Four female MPs have endorsed MacKay, while three have endorsed Lewis and five have backed O’Toole. There are 22 female Conservative MPs in the House, representing 18 per cent of the party’s caucus. Only Lewis has drawn more than 18 per cent of her endorsements from female Conservative MPs.
Some interesting patterns emerge also when you look at who Conservatives endorsed in the 2017 leadership race, which saw O’Toole finish third behind Andrew Scheer and Maxime Bernier.
Most of MacKay’s caucus supporters endorsed someone in the 2017 leadership race. Nearly half of them backed either Scheer or O’Toole, while a smattering endorsed other candidates like Bernier or Lisa Raitt. About a third didn’t endorse anyone.
Most of O’Toole’s current caucus endorsements come from MPs who didn’t back a horse in 2017. In fact, O’Toole actually trails MacKay in caucus endorsements among those who endorsed O’Toole in the last race.
Four of Lewis’s six endorsements also come from people who did not publicly endorse anyone in 2017.

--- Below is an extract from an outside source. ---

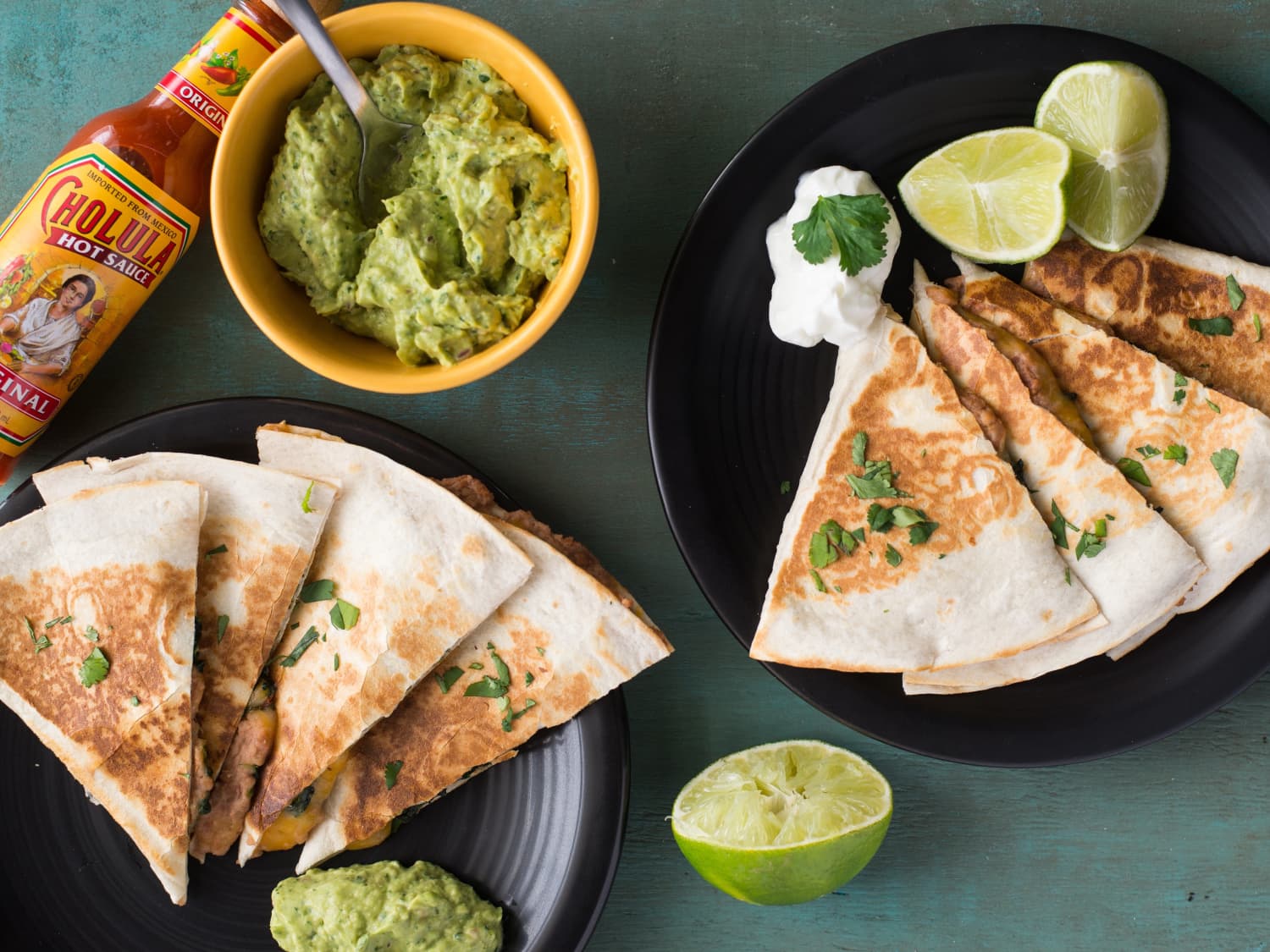 15 Easy Recipes For Your Next Crappy Dinner Party Kitchn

This is one indication of the demographic divide between MacKay, O’Toole and Lewis — which exists in part because a lot of the parliamentarians lining up behind O’Toole and Lewis now weren’t MPs three years ago.
Youth vs. experience
“I am the leader for the future,” he said. “Mr. MacKay was the leader of the Progressive Conservative Party 17 years ago. We need a leader for the future, not for the past.”
To support that claim, O’Toole said that he has the backing of “all the MPs under the age of 35.”
That’s not quite right — two of Lewis’s supporters are in their early 30s — but O’Toole does have a younger cohort of supporters than MacKay does.
On average, MacKay’s endorsers are 54 years old, compared to 50 years old for O’Toole’s caucus endorsers. Lewis’s six endorsers average 48 years of age.
More significant, however, is the fact that nine of O’Toole’s caucus supporters were born after 1980, making them millennials. Only three of MacKay’s caucus backers are that young.
But with age comes experience — and that is where MacKay has his rivals beat.
On average, MacKay’s caucus endorsers have been elected an average of three times and have been in the House of Commons for 7.3 years. O’Toole’s caucus supporters have averaged just 1.8 election wins and 3.1 years in Parliament.
The six MPs who have endorsed Lewis have been in the House for an average of 2.1 years.
Government vs. opposition benches
This big gap between MacKay and O’Toole means that their respective backers have spent their time in Ottawa doing very different things.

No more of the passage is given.